== Exercise instructions ==
Check every line of the entries below for "Купить", and copy the lines that have it.

(Caption-style text data)
****************
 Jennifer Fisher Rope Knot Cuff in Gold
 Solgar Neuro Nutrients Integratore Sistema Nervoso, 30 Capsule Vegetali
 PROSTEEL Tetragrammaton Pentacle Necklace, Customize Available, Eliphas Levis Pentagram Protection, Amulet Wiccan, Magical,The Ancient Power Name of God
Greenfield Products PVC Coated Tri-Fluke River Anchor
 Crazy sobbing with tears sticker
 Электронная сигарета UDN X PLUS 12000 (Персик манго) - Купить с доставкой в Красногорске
****************
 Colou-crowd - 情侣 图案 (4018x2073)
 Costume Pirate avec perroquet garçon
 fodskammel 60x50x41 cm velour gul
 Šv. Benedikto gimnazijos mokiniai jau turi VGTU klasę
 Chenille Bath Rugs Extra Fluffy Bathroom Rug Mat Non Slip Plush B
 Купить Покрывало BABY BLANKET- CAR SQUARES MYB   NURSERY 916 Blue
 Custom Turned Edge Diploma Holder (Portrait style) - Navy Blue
****************
== Result for this exercise ==
 Электронная сигарета UDN X PLUS 12000 (Персик манго) - Купить с доставкой в Красногорске
 Купить Покрывало BABY BLANKET- CAR SQUARES MYB   NURSERY 916 Blue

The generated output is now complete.